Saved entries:
^^^^^^^^^^^^^^^^
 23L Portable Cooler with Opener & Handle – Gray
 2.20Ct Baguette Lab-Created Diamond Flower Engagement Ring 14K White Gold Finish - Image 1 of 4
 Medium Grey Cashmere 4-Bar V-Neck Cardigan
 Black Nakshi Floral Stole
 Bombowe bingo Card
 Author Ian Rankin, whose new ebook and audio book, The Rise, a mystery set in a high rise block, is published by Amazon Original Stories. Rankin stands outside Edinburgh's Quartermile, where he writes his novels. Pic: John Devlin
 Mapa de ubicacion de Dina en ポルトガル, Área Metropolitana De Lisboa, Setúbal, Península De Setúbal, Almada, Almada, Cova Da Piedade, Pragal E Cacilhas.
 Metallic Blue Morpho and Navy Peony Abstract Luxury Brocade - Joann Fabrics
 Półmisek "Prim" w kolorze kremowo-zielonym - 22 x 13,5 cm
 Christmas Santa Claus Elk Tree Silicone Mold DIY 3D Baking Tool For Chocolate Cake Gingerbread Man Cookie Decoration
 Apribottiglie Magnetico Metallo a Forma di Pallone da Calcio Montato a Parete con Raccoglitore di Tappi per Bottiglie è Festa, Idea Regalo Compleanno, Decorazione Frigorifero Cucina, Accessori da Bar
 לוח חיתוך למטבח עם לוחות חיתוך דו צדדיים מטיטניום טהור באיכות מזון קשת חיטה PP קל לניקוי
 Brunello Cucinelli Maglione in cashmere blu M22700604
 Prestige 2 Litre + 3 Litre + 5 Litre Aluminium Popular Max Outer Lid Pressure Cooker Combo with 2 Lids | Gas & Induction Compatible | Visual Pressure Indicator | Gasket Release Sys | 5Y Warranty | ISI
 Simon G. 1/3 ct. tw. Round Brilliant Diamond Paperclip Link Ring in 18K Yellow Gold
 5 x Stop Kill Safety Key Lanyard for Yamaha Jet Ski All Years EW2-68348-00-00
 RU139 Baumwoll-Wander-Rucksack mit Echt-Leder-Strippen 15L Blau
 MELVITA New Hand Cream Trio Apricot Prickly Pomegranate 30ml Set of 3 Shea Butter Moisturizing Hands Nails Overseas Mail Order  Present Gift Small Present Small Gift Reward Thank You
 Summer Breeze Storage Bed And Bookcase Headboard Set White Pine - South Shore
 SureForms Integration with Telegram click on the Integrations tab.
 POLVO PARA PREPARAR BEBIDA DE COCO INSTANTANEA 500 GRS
^^^^^^^^^^^^^^^^
- **ACTION ITEM**
Look through the entries above and find each line where the word "Diamond" occurs; copy those lines.

- **RESULT OF THIS TASK**
 2.20Ct Baguette Lab-Created Diamond Flower Engagement Ring 14K White Gold Finish - Image 1 of 4
 Simon G. 1/3 ct. tw. Round Brilliant Diamond Paperclip Link Ring in 18K Yellow Gold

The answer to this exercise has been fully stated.